Some examples for exploring multilingualism and multiculturalism through text analysis tools

The following examples demonstrate how computer assisted linguistic analysis can be put to use for the study of qualitative research into, e.g., the culture specific formation of conceptual clusters.

The Voyant correspondence analysis tool plots high frequency words around different documents in a corpus. This allows us to view which words are more “related” to certain documents and also to suggest which documents are related to one another.

By using the DH2012 Call for Papers in different languages we can see how languages cluster according to correspondence analysis.

We began by opening Voyant Tools with the Scatter skin (a skin that includes the correspondence analysis tool). We then pasted in the URLs from the different versions of the CFP:

http://www.dh2012.uni-hamburg.de/wp-content/uploads/2011/10/cfp2012-general.pdf

http://www.dh2012.uni-hamburg.de/wp-content/uploads/2011/10/cfp2012-german.pdf

http://www.dh2012.uni-hamburg.de/wp-content/uploads/2011/10/cfp2012-french.pdf

http://www.dh2012.uni-hamburg.de/wp-content/uploads/2011/10/cfp2012-italian.pdf

http://www.dh2012.uni-hamburg.de/wp-content/uploads/2011/10/cfp2012-spanish.pdf

http://www.dh2012.uni-hamburg.de/wp-content/uploads/2011/10/cfp2012-norwegian.pdf

http://www.dh2012.uni-hamburg.de/wp-content/uploads/2011/10/cfp2012-hungarian.pdf

http://www.dh2012.uni-hamburg.de/wp-content/uploads/2011/10/cfp2012-japanese.pdf

That produces a result like the live tool below (note that we changed the document titles to better indicate the language – at the moment change document titles cannot be done through the Voyant interface):

Because of the bunching of values, the default view can be difficult to read. It is possible to zoom in on part of the visualization to see what’s happening, and to hover over data points to read the labels. Here is a clearer (static image) that labels languages:

Correspondence Analysis of 8 CFPs for 2012

This seems already fairly plausible: Spanish and Italian are very close neighbours, Japanese is a clear outlier, English is somehwere between the romance languages and German (which is pushed out close to being an outlier). We were intrigued by the proximity of Norwegian and Hungarian, especially since they actually cluster closer to the romance languages than English. One possible interpretation is that they use a lot of English words in the translation.
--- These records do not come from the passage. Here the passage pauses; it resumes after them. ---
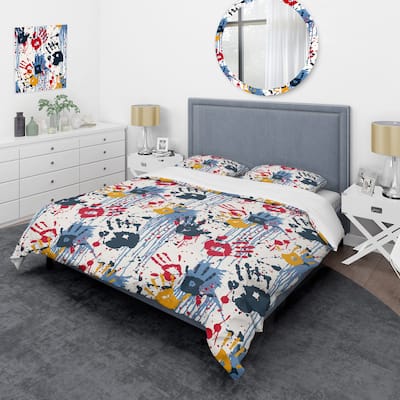 Designart 'Hand Prints And Blots' Bohemian & Eclectic Duvet Cover Set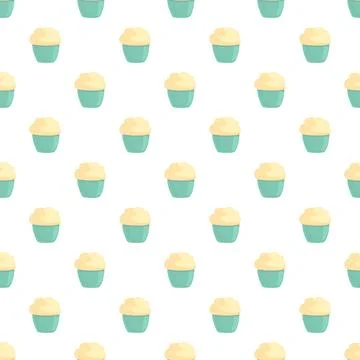 Cupcake pattern seamless sweet dessert background wallpaper Stock Illustration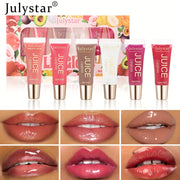 Set of 6 Crystal-Clear Jelly Lip Oils | Moisturizing & Fruity Lip Gloss" - Luxe Ladies Moda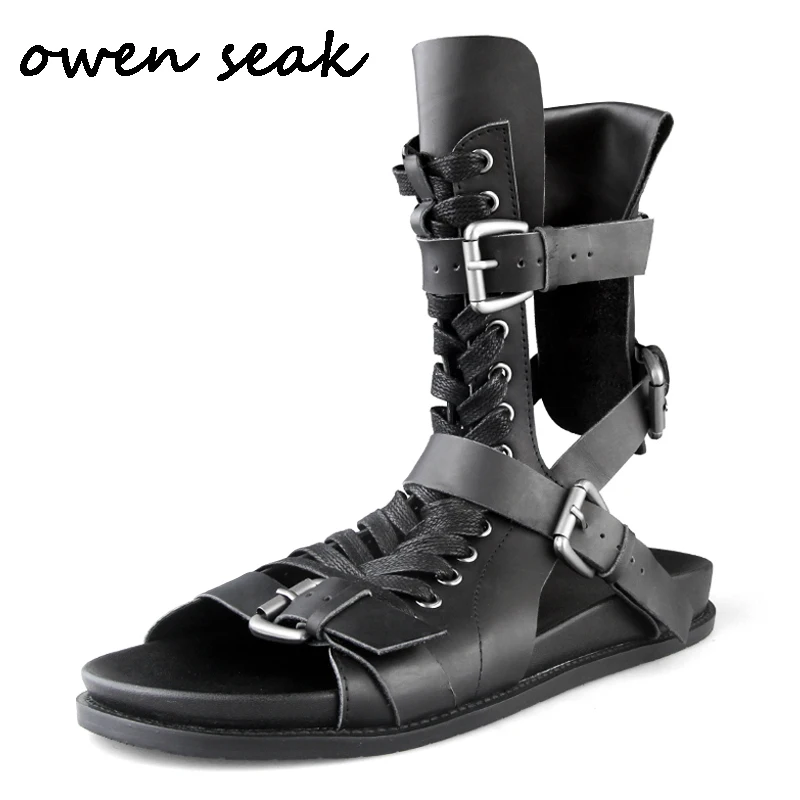 Owen Seak/мужские сандалии в римском стиле; черная обувь; сандалии-гладиаторы с высоким берцем; Шлепанцы из натуральной кожи; летние мужские сандалии - Цвет: Белый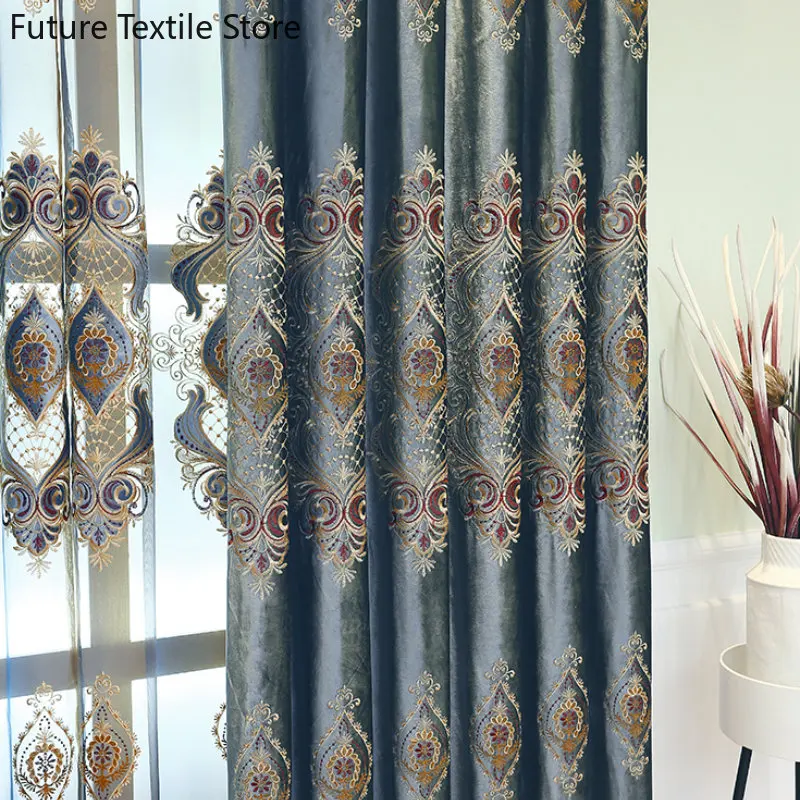 Luxury Blue Velvet Embroidered Curtains Living Room Bedroom Dining Room Curtains Curtains for Living dining room bedroom
Luxury Blue Velvet Embroidered Curtains Living Room Bedroom Dining Room Curtains Curtains for Living dining room bedroom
We thought it might be interesting to generate a similar graph but without function words for all languages (try to remove articles, prepositions, etc). Although Voyant allows us to load such a stopword list for individual languages, there does not currently exist a combined list for all of these languages, so we created one: http://www.dh2012.uni-hamburg.de/wp-content/uploads/2011/11/stop.all_.txt

We can now look at the interface with the stopword list included,  which allows us to compare the two graphs:

CFPs without stopwords

CFPs with stopwords

These are difficult to read at smaller scale, but one can click on the images to see them in more detail. One thing that has happened is that Spanish is now an outlier (in the botttom left-hand corner), while almost all of the other languages except Japanese are bunching together. Again, this is not as surprising given that all CFPs share some English, including for terms like Digital Humanities Conference. The Spanish outlier is a  bit of a mystery, but led us to realize that our quick-and-dirty stopword list compilation needed more work – some words like “y” were not included.

In the spirit of mini-experiments, we will leave this as-is for now, though it would undoubtedly be worth experimenting with better stopword lists for each language. In the meantime, experiment for yourself!